» WHAT YOU ARE ASKED TO DO
Within the entries below, output exactly the lines between the line containing "Fire Orange Kurta Set" and the line containing "Texture Pattern Green", inclusive, and omit any picture.

» RECORD EXCERPTS
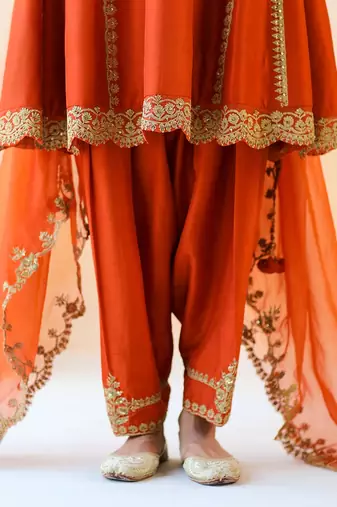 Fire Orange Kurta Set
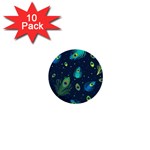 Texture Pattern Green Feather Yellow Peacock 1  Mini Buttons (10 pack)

* * *

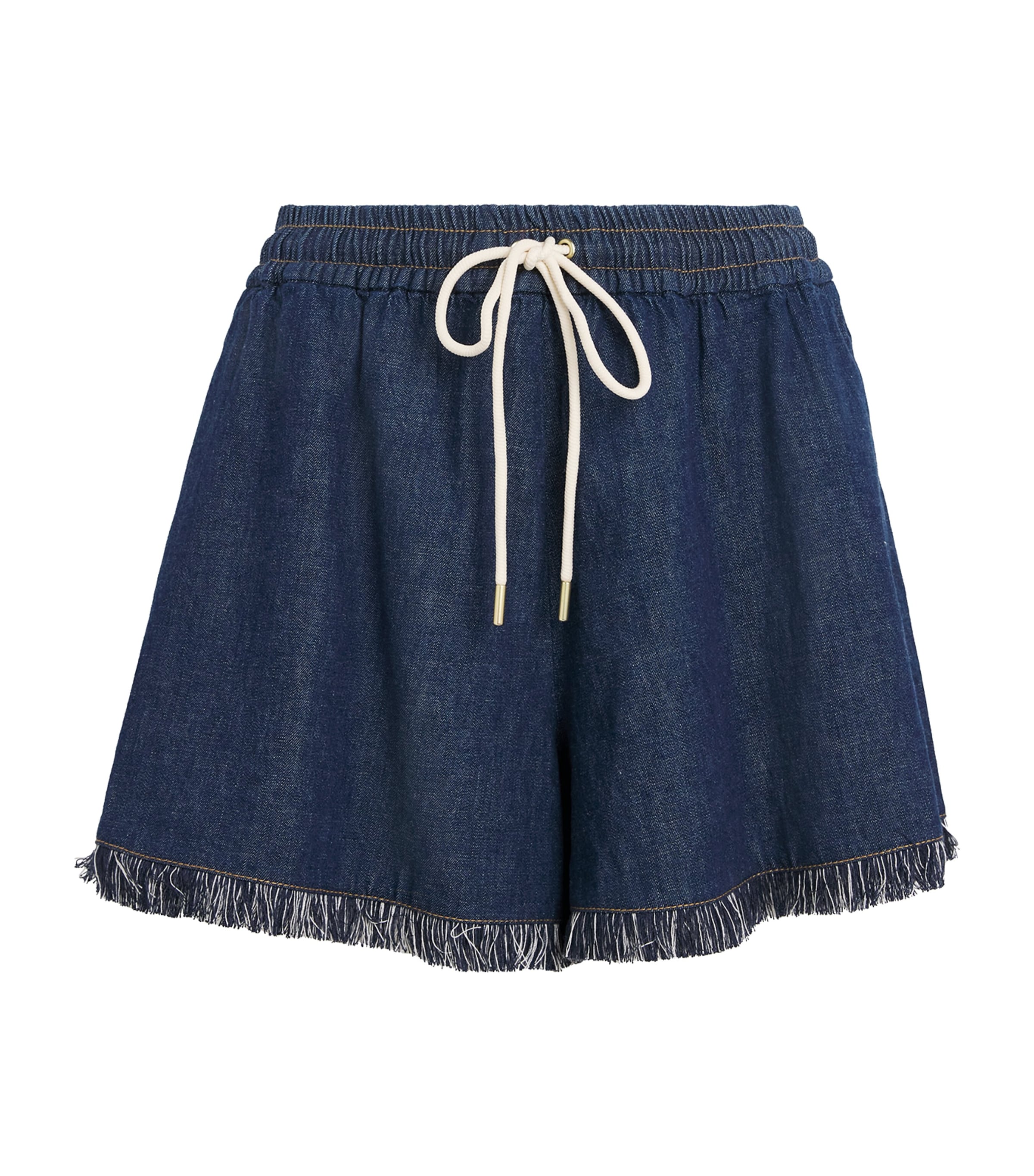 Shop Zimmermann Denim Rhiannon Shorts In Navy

...

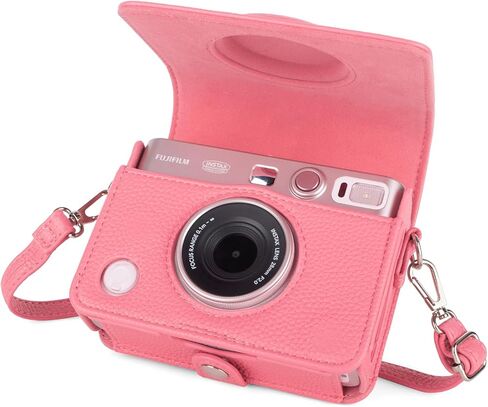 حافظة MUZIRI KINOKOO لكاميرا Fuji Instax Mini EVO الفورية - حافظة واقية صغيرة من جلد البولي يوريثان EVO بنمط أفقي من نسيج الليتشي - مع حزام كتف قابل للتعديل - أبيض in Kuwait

» SOLUTION FOR THIS TASK
 Fire Orange Kurta Set
 Texture Pattern Green Feather Yellow Peacock 1  Mini Buttons (10 pack)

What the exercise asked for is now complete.